» What you need to do
Below is some data. Retype exactly the lines starting at the one with "Bluzka damska, rozmiar L" and ending at the one with "Rhea Perlman Photo".

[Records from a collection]
[Start of Attachment]

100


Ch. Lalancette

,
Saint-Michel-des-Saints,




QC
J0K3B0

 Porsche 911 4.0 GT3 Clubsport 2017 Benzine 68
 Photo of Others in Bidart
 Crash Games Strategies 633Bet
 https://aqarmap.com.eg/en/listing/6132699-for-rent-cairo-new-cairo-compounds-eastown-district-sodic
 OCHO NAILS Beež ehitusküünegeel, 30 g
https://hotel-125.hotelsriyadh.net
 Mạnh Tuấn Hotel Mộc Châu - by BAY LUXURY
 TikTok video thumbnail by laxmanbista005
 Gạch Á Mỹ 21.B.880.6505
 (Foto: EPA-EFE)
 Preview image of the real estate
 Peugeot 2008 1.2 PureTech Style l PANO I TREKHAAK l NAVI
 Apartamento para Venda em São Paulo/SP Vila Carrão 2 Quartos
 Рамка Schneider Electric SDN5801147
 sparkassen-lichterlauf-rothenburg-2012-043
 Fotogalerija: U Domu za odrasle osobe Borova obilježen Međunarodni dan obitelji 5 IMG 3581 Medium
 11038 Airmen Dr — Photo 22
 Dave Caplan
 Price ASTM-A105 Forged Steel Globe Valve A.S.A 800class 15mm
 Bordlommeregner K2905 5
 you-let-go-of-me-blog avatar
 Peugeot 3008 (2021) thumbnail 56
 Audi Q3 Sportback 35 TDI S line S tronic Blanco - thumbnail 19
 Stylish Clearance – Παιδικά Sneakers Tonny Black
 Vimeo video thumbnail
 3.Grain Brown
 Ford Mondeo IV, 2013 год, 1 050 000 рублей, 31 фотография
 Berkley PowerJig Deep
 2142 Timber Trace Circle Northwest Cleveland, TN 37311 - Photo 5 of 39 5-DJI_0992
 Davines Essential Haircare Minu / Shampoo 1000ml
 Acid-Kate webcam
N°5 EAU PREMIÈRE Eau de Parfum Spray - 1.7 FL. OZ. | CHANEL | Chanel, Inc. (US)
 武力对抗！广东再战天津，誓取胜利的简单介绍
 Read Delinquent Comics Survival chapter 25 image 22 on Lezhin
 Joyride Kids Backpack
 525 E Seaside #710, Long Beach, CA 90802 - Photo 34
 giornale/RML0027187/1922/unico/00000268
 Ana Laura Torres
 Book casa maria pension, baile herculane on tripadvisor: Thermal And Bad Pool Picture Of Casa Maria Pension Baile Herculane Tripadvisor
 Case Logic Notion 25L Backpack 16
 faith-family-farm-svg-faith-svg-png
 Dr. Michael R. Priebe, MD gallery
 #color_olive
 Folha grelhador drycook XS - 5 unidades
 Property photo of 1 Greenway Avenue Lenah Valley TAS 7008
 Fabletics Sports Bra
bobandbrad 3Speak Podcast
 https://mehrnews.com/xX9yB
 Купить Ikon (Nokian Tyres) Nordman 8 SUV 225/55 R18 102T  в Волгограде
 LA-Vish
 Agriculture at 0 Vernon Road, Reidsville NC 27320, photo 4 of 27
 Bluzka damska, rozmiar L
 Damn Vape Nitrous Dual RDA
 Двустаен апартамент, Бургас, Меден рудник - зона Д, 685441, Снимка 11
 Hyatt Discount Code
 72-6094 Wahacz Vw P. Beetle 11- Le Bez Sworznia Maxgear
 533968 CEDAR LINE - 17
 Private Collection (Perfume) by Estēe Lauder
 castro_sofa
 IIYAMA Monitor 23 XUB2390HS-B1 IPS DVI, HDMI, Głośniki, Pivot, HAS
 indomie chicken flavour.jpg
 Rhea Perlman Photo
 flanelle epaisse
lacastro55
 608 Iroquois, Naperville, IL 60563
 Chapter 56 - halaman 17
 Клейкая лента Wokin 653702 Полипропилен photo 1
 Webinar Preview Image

[End of Attachment]

» Reply to the task
 Bluzka damska, rozmiar L
 Damn Vape Nitrous Dual RDA
 Двустаен апартамент, Бургас, Меден рудник - зона Д, 685441, Снимка 11
 Hyatt Discount Code
 72-6094 Wahacz Vw P. Beetle 11- Le Bez Sworznia Maxgear
 533968 CEDAR LINE - 17
 Private Collection (Perfume) by Estēe Lauder
 castro_sofa
 IIYAMA Monitor 23 XUB2390HS-B1 IPS DVI, HDMI, Głośniki, Pivot, HAS
 indomie chicken flavour.jpg
 Rhea Perlman Photo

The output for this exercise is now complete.